The archetypes of anima (feminine psyche) and animus (male psyche) which
contain the psyche of men and women respectively in the collective unconscious
are emerging in the game of the dancing embraced couple.
The key to balance, both in the dance and in life, is for these male and
female archetypes to work symbiotically. Αnima and
animus coexist in each of us.
The couple dancing in a close embrace manifests another archetype. The
pursuit to experience the merge arising from the closed embrace and the contact
of bodies being in touch with each other sensations, and the coordination in
movement as it were ‘’one heart and four legs” refers to the myth of
androgyne mentioned by Aristofanis in the Plato’s Symposium.
Tango as a dance, along with the close body contact constitutes a
ritual, a ritual that reenacts the archaic myth of integration of separate
individuals in the initial condition of the complete human. It seems to be
something beyond an erotic ritual, as one may see superficially. For others and
the true joy of sex has to do with the temporary merge. The occult importance
often given to the sexual act is that orgasm mystically reunites, momentarily,
separated souls and brings the participants mystically closer to the absolute.
The music
Tango music belongs to the genre of music whose narrative permeates the
whole multiplicity of life, and seen from such a perspective, the music and
lyrics of tango return us back into the mythical time of Orpheus.
Music has the ability to unite
us with others in anthems and marches (Apollonius element) or to connect us
with the rituals of nature in dance and rhythm (Dionysian element) or to
function as a reminder of our mortality and longing (Orpheus element).
Bandoneon is the lung of tango, the ironmaker’s bellows where passions
are melted away and forms which elude death are created (Ferrero, 2006). The profound meaning of each sound of
bandoneon, its unexplained and mysterious nuances, invoke on a shared past and
a secret communication. Far from being solely a musical instrument, it is the
melancholic messenger of the nostalgia of Buenos Aires (Salas, 1996).

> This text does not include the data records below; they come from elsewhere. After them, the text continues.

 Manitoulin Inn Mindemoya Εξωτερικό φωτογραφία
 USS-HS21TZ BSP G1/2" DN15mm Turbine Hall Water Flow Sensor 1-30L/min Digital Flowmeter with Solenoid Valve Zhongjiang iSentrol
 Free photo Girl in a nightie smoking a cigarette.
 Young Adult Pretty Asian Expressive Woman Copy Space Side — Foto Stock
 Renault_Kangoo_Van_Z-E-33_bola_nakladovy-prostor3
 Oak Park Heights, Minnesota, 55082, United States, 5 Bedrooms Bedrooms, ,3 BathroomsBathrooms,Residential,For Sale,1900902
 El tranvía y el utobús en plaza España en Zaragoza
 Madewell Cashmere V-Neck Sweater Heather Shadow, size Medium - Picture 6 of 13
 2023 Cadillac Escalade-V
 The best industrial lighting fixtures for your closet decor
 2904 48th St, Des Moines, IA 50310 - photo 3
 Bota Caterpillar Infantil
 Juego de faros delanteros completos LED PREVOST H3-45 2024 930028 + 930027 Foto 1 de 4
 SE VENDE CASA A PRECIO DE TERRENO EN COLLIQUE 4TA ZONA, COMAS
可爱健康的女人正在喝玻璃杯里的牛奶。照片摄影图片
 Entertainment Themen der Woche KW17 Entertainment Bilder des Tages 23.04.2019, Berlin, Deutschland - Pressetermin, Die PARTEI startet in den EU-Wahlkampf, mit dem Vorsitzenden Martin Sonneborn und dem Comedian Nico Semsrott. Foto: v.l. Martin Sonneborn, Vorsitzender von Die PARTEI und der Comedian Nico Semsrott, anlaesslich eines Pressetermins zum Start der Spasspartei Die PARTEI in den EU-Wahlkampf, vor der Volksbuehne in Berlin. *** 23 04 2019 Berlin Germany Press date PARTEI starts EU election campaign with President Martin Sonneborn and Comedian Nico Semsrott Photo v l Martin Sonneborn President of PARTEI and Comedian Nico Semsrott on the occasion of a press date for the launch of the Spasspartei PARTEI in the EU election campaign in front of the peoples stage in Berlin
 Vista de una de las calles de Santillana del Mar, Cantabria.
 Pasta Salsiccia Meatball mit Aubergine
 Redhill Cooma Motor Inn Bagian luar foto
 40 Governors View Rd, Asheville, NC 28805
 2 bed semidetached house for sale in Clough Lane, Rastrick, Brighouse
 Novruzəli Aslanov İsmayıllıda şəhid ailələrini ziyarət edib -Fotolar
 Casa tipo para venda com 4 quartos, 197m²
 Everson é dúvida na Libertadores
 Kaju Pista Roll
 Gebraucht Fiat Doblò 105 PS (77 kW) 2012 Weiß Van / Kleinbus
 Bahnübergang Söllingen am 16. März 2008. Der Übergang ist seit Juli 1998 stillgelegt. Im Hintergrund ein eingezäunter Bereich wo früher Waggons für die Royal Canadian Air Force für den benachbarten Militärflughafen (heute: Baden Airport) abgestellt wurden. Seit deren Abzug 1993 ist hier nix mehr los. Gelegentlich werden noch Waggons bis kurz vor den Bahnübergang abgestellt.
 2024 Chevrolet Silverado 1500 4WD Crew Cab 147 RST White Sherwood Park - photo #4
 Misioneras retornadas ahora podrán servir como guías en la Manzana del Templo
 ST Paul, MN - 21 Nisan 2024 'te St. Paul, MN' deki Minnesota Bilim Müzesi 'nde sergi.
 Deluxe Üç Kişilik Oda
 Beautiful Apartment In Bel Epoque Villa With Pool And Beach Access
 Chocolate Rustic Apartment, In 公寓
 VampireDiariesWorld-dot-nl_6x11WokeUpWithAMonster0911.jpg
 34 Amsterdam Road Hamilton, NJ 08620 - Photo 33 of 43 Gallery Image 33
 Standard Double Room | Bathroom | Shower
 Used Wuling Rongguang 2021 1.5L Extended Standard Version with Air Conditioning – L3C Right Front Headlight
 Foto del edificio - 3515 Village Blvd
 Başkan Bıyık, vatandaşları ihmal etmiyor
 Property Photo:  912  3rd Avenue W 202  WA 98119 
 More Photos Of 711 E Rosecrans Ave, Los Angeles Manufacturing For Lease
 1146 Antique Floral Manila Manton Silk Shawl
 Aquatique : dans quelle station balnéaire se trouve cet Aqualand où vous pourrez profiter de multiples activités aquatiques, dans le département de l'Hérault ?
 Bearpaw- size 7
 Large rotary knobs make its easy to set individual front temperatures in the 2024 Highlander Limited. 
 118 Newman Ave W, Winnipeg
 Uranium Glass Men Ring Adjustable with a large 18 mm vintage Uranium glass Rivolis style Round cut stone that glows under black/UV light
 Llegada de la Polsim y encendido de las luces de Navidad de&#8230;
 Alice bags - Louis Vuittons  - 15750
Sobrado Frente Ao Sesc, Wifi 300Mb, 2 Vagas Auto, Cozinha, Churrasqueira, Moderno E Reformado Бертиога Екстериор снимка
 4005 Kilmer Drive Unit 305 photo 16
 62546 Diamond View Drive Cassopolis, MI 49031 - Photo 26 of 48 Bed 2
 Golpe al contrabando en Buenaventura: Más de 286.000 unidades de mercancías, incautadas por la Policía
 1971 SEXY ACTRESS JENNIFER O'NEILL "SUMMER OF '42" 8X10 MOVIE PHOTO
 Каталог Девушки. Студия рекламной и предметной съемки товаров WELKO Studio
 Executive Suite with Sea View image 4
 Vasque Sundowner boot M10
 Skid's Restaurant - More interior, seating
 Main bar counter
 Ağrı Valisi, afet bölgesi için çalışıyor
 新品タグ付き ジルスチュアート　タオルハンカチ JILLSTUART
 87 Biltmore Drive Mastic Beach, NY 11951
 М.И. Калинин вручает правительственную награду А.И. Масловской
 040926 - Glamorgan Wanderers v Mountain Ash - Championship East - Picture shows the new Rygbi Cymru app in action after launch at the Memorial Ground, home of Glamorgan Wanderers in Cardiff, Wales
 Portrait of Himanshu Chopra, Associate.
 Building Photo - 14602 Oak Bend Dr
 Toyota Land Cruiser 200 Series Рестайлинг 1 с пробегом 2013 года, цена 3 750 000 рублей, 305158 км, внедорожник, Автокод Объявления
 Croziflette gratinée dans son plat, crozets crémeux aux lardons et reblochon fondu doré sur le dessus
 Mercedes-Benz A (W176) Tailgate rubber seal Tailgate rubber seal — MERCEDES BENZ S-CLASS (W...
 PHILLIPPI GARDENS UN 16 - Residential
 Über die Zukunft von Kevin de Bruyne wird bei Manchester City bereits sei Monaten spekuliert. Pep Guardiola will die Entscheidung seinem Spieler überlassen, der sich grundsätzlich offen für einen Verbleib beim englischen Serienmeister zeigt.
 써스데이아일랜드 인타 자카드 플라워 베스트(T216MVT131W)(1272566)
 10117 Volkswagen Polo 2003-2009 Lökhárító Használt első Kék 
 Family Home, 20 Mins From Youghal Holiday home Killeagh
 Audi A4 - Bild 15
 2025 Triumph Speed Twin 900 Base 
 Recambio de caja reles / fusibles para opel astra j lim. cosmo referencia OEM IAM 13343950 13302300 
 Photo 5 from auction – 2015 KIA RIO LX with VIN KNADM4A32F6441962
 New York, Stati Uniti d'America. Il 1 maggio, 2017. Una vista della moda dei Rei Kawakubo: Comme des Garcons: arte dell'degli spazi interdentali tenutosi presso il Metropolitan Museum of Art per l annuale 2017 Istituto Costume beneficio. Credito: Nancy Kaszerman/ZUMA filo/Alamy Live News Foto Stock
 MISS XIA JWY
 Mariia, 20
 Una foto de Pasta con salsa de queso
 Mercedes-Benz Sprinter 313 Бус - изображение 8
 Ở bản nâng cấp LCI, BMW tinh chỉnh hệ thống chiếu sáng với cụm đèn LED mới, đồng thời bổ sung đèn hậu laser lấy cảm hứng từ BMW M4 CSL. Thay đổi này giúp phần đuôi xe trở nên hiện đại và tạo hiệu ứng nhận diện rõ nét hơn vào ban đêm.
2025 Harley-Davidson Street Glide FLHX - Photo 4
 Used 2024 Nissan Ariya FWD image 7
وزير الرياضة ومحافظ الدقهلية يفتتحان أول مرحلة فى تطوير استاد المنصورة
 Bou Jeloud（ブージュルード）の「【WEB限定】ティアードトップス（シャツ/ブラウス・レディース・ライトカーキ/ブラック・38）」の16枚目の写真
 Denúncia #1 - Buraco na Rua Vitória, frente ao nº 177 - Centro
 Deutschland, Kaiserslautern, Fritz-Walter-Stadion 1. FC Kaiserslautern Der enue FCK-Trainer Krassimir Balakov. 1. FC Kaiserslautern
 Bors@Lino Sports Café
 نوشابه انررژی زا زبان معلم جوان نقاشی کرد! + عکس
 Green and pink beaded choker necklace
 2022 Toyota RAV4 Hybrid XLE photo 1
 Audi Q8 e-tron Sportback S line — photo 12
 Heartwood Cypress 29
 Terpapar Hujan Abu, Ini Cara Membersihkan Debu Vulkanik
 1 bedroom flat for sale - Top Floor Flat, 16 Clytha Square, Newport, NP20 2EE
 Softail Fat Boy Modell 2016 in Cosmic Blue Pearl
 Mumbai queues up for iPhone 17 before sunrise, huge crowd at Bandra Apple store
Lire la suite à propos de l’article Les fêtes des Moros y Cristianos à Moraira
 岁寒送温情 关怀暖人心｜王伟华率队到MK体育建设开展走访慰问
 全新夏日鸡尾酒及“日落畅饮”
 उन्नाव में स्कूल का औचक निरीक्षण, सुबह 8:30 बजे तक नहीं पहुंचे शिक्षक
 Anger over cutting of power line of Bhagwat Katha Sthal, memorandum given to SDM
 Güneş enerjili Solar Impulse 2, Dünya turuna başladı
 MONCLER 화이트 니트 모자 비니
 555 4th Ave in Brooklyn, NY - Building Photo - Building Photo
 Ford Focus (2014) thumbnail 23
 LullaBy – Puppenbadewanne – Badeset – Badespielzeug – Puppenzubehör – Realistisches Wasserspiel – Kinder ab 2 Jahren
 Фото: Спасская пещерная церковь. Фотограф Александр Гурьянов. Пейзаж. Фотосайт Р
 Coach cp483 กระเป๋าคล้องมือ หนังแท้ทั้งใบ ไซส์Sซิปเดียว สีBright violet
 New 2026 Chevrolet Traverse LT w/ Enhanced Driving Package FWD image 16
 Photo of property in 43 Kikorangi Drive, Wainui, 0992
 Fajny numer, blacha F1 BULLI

The best composition of all these elements, where poverty, loneliness
along with the innermost secrets of personal stories co-exist, are expressed
through the hidden meanings of the sounds of bandoneon, as it is outlined by
Homero Manzi in the verses of the tango
‘’Che Bandoneon’’ played by Anibal Troilo’s
orchestra in 1950 with Jorge Casal as the singer.
Che Bandoneon!
.....
Tu canto es el amor que no se dio
y el cielo que soñamos una vez,
y el fraternal amigo que se hundió
cinchando en la tormenta de un querer.
Y esas ganas tremendas de llorar
que a veces nos inundan sin razón,
y el trago de licor que obliga a recordar
si el alma está en "orsai", che
bandoneón. VRE Bandoneon !
|
hey,
bandoneón
...
Your song is
the love that did not occur,
and the sky that we dreamed once, and the brotherly friend who sank working hard in the storm of a love affair. And those tremendous desires to cry that sometimes they flood us without reason, and the drink of liquor that forces us to remember if the soul is off-side, hey, bandoneón. |
Poetry
Poetry forms a "symbolic universe and a belief system" for the
society of Buenos Aires. Borges says that «the poetry of tango has been
deposited in the soul that sings”. It is
perhaps the solemn ritual at Buenos Aires Milongas, where people sing the
verses as they dance and through the act of dancing, interpret the poetic
phrase. They are poems learned totally by heart. It is due to the poetic
quality of all these verses of tango. For an inhabitant of Buenos Aires tango
lyrics represent a real mirror to look back at themselves and at the same time,
a resort in which many find the solace and the wisdom of life. It is also a
complete system of values common among most of the inhabitants of the Río de la
Plata region. But even those who don’t live in those times and in those places
have incorporated the poetry of tango as part of their popular tradition. The
lyrics of tango, with the power of the truth inherent to them, resonate within
us because they speak on behalf of the collective unconscious.
Ernesto Sabato says:
A Napolitan dancing a tarantella does it for fun; A porteño dances a
tango to reflect on his fate, to express a deep concern for the human
condition.
The main topics of the poets are death, the relentless passage of time,
the dislocation, the search for identity, the nostalgia for a lost paradise.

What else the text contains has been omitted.